L'émergence de résistance aux médicaments antituberculeux constitue une menace mondiale pour la lutte contre la tuberculose. Des résistances à un ou plusieurs antibiotiques sont déjà observées et, plus inquiétant, de plus en plus de souches multirésistantes, c'est-à-dire devenues insensibles à plusieurs médicaments, dont les deux plus efficaces (isoniazide et rifampicine), apparaissent.
En 2018, selon l'OMS, 484 000 cas de résistance à la rifampicine, le médicament de première intention le plus efficace, ont été diagnostiqués dans le monde, parmi lesquelles 80 % de forme multirésistante (TB-MR).
EndTB : trouver des traitements plus courts, moins toxiques et plus efficaces pour la "tuberculose multirésistante" (MDR-TB).
EndTB est un vaste projet qui se déroule dans 17 pays et auquel participent Partners In Health, Médecins Sans Frontières, Interactive Research & Development. Financé par UNITAID, il s'articule autour d'une étude observationnelle et de 2 essais cliniques sposorisés par MSF et dans lesquels Epicentre, la Harvard Medical School et l'Institut de médecine tropicale d'Anvers sont impliqués.

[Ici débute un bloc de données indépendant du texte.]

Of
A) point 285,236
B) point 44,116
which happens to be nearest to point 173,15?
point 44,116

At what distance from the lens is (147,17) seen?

Les traitements actuels de la tuberculose multirésistante peuvent durer jusqu'à 24 mois. Seuls 54% d'entre eux sont couronnés de succès et ils sont souvent accompagnés d'effets secondaires importants. Pour certains patients, ils entraînent l'ingestion de 14 000 comprimés et des injections quotidiennes douloureuses pendant des mois. Le coût, la difficulté et la durée de ces traitements les rendent difficiles à mettre en œuvre.
L'étude observationnelle dont Helena Huerga, épidémiologiste à Epicentre, est l'une des investigatrices principales vise à recueillir des données sur la sécurité et l'efficacité des protocoles utilisant les médicaments autorisés depuis 2012 et 2013, respectivement, la bédaquiline et le delamanid, pour la tuberculose multirésistante. Les résultats intermédiaires montrent que ces deux molécules sont plus sûres que les médicaments actuellement utilisés et suggèrent une meilleure réponse au traitement des formes résistantes de la tuberculose. Cependant, ces résultats ne sont pas homogènes selon les pays.

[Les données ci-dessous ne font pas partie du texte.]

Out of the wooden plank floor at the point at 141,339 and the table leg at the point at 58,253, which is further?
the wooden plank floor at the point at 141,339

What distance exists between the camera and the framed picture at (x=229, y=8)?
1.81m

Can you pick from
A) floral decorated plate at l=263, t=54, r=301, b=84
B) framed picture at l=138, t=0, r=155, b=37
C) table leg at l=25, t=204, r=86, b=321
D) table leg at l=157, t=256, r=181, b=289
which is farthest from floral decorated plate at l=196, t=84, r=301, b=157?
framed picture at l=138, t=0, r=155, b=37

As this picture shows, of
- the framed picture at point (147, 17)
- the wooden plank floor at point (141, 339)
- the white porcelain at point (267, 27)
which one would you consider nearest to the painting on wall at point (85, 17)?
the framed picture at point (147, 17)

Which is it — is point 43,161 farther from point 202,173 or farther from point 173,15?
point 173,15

Les deux essais cliniques de phase III de EndTB ont pour but d'évaluer l'efficacité des combinaisons à base de bédaquiline et de delamanid, administrées sur une période plus courte (6 ou 9 mois) et donc plus acceptable pour les patients.

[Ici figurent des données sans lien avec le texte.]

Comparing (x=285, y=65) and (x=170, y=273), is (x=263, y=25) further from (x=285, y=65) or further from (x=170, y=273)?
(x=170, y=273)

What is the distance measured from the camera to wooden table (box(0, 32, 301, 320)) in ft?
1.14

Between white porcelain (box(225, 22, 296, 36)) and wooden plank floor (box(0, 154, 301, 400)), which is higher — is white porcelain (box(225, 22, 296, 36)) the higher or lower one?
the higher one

L'un des essais, qui inclura 750 patients dans huit pays à forte incidence de tuberculose : Géorgie, Inde, Kazakhstan, Lesotho, Pakistan, Pérou, Afrique du Sud et Vietnam, se concentre sur les formes de tuberculose sensibles aux fluoroquinolones. L'autre essai clinique, qui portera sur 324 patients dans six pays - Inde, Kazakhstan, Lesotho, Pakistan, Pérou et Vietnam - se concentre sur la tuberculose résistante à la rifampicine et aux fluoroquinolones.
Tuberculose et hépatite C
La tuberculose et l’Hépatite C sont souvent associées chez les malades. Le traitement de la tuberculose multi-résistante présente souvent une toxicité hépatique à laquelle s’ajoute celle de l’Hépatite C. En Arménie, MSF procède au dépistage systématique de l'hépatite C chez tous les patients qui entreprennent un traitement contre la TB-MR et fournit un traitement avec de nouveaux antiviraux à action directe (AAD) aux personnes atteintes d'une infection active. Epicentre a évalué l'efficacité et la sécurité du traitement concomitant de l'hépatite C chronique (VHC) avec des antiviraux à action directe et de la tuberculose multirésistante. Cette étude montre que les DAA peuvent être utilisés avec succès pour traiter l'infection chronique par le VHC chez les patients atteints de TB-MR sans problèmes majeurs.